# Getting a cell phone for Japan



## Ben Yoshida

Hoi 

Is there a way in obtaining a cell phone that operates in Japan? Without actually been in the country? 

I hear that the system the Japanese use is entirely different, with the advent of nation wide digital television, and the extinction of analogue television within a year or two, (there building a new tokyo tower for that atm.. abit taller then the Eiffel tower copy) .. and the nationwide fiber-optical system.. non-japanese phones wont work.. (not even SIM cards work.. its a different world.) 

So in light of that pretext.. would say, I iphone brought in Australia, work in Japan? 

I hear that you need to get a minimum 1 year contract with a service provider in Japan, with proof of identity, or proof of address required, even for a pre-paid cell phone, brought while in Japan. 

I'm guessing therefore that you CANT get a cellphone outside of Japan, that would work in Japan? 

Any information concerning this thread, bit it advice or web-links would be much appreciated, thanks in advance. 

regards 

Ben Yoshida


----------



## larabell

Ben Yoshida said:


> Hoi
> Is there a way in obtaining a cell phone that operates in Japan? Without actually been in the country?


The phone itself is no longer a problem. Modern 3G phones work fine here. Phones which predate 3G usually will not work (the transmission technology is different). I suspect what you're asking is whether you can get a local account -- that could be more of a problem.

It's rare to see the kind of pre-paid phones you used to be able to buy at just about any convenience store. It was simply too easy for the bad guys to pick up phones that were untraceable and then just toss them away afterward. These days you need to be able to show ID. And for non-Japanese, you need to show evidence that you're a registered foreign resident. And to get that, you need an address (as well as a visa that allows you to remain in Japan past the usual 90-day tourist period).

If you have an account with DoCoMo, you should be able to get a SIM card that works in a standard GSM/3G phone. If the phone itself supports 3G, you should be able to use it here but I've never tried that. The standard FOMA cards apparently won't work, despite being the same form-factor as a SIM card (at least that's what I was told once by a DoCoMo sales droid). Of course, you still need the account in Japan.

I don't know about iPhone. I know several friends who have come over with their US-based phones and most of them seem to work fine. But none of those were iPhones (ask again after August -- an iPhone-toting friend of mine is coming over then and we can see if his phone works here). If you don't mind paying rather steep roaming charges, you can probably sign up for service back home and bring the phone along. Just make sure it's a 3G phone.

As for the 1-year contract... it's my impression that you only have to sign up for a minimum period if you get a subsidized phone. If you don't mind paying US $300 or more for the instrument, you can probably find service with no minimum contract.

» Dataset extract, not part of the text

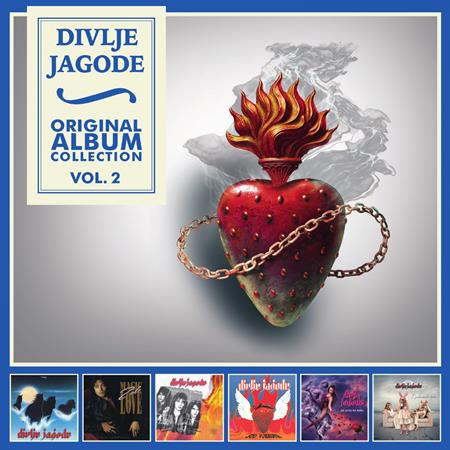 Divlje Jagode - Sjecanja Lyrics - Zortam Music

Again, you'd need to show you were a registered resident in Japan.

DoCoMo rents phones for use in Japan, as do several smaller companies. They also sell a number of instruments that work overseas as well. I realize that's backward from what you're asking but buying *just* the phone here might be an option.

By the way, the tower project you mentioned (Tokyo Sky Tree) is supposed to be considerably taller than the current Tokyo Tower -- almost twice as tall, in fact (ref: Wikipedia).


----------



## Joppa

Ben Yoshida said:


> Hoi
> 
> Is there a way in obtaining a cell phone that operates in Japan? Without actually been in the country?
> 
> I hear that the system the Japanese use is entirely different, with the advent of nation wide digital television, and the extinction of analogue television within a year or two, (there building a new tokyo tower for that atm.. abit taller then the Eiffel tower copy) .. and the nationwide fiber-optical system.. non-japanese phones wont work.. (not even SIM cards work.. its a different world.)
> 
> So in light of that pretext.. would say, I iphone brought in Australia, work in Japan?
> 
> I hear that you need to get a minimum 1 year contract with a service provider in Japan, with proof of identity, or proof of address required, even for a pre-paid cell phone, brought while in Japan.
> 
> I'm guessing therefore that you CANT get a cellphone outside of Japan, that would work in Japan?
> 
> Any information concerning this thread, bit it advice or web-links would be much appreciated, thanks in advance.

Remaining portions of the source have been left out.